The first thing that jumps out is the crystal clear production. Even though it was produced by Bob Ezrin, the man whose fingers controlled the board on more than half of Alice Cooper’s early discography, don’t expect to hear that warm Love It To Death or Billion Dollar Babies sound. It’s almost cartoonish how clean it is. Production wise, it sounds more like Alice’s sleek ‘80s and ‘90s output, but don’t start furrowing your brow yet. It has a lot more to it than the ballad soaked, aptly named Trash.
Alice is still the ghoulish master of ceremonies. “Holy Water” spotlights Alice’s dark, vaudevillian storytelling with lyrics like, “I got a top hat/and a walking cane/I gotta black cat/on a golden chain/I got a white shirt/with a bloody stain/I’m going to the river of love.” The shuffling and cruising rock of “Dynamite Road” is complimented by some outlandish lyrics about racing with the devil, and some lyrics that are believable, considering Alice’s recent touring schedule, “My life is cruisin’ with my band, man/in my tricked out Cadillac/We’re always lookin’ death right in the eye/and never ever lookin’ back.”
Musically, Paranormal is in good shape too. “Dead Flies” has major, four on the floor, stomping blues licks driving it that would curl the beards of ZZ Top. “Fallen In Love” does too, but that’s because Billy Gibbons plays on it. Bassist Roger Glover of Deep Purple fame also makes an appearance on the opening title track, and U2’s Larry Mullen Jr. of all people handles the skins for almost the entire record. Alice Cooper pulled together some professionals to make Paranormal happen, and it shows.
The last two tracks of Paranormal are where it gets really strange. Probably because those two tracks feature original Alice Cooper Band members guitarist Michael Bruce, bassist Dennis Dunaway and drummer Neal Smith. “Genuine American Girl” has a sock-hop, doo-wop feel and gives a first person view of a transgender man who’s proud of his femininity (“My momma says the world’s an oyster/and I’m the pearl.”) The final track, “You And All Your Friends,” feels like an anthemic call to all the other aged rockers out there that might think they need to hang up their fringe jackets and roach clips because they’ve reached their twilight years. “And when the sun goes down tomorrow/we will no longer be your slaves/and it will be the end of sorrow/‘cause we’ll be dancing on your graves.”

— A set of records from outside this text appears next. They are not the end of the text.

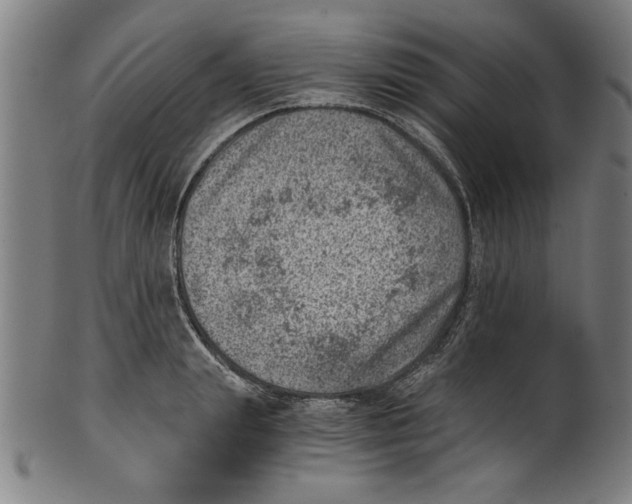 X0000100900847200807220950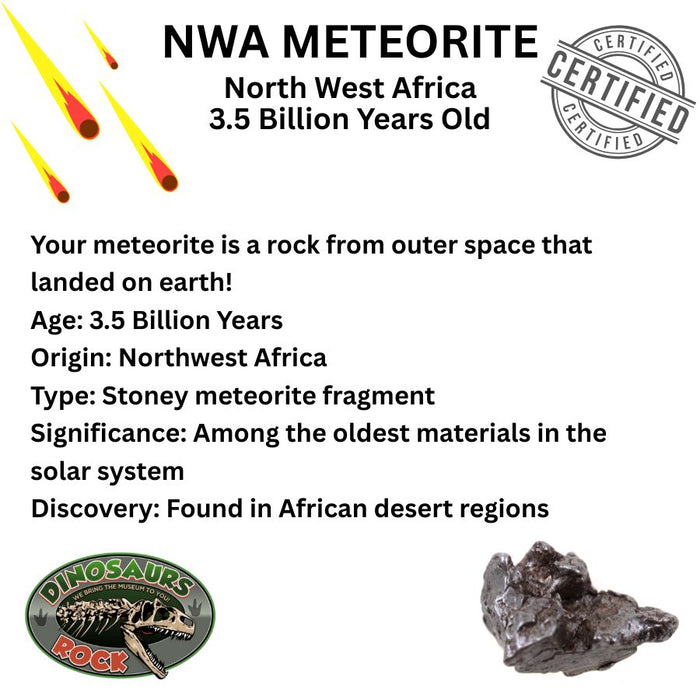 Genuine Meteorite, Over 1 Billion Years Old - Give a Gift That’s Truly Out of This World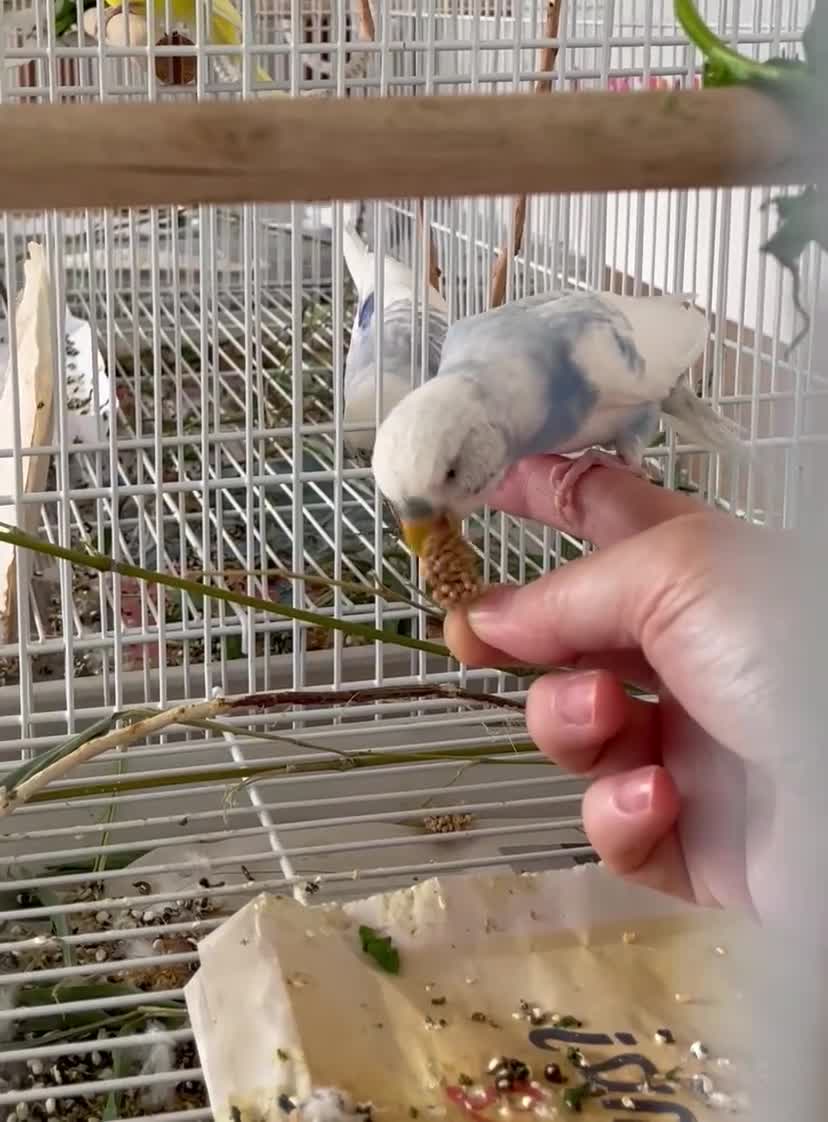 Budgerigars birds for sale: Beautiful Tame Budgies - Video 2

Put together in one tidy and creepy package, Paranormal does the near-impossible: offering something of worth for fans of his ‘70s output, those folks that clued in once Alice popped up in Wayne’s World and those newly minted fans who were welcomed to his nightmare on his recent run of tour dates. There’s almost no other rockers of Alice’s vintage that could pull of such a feat. Sharpen up the guillotine, folks; he ain’t done yet.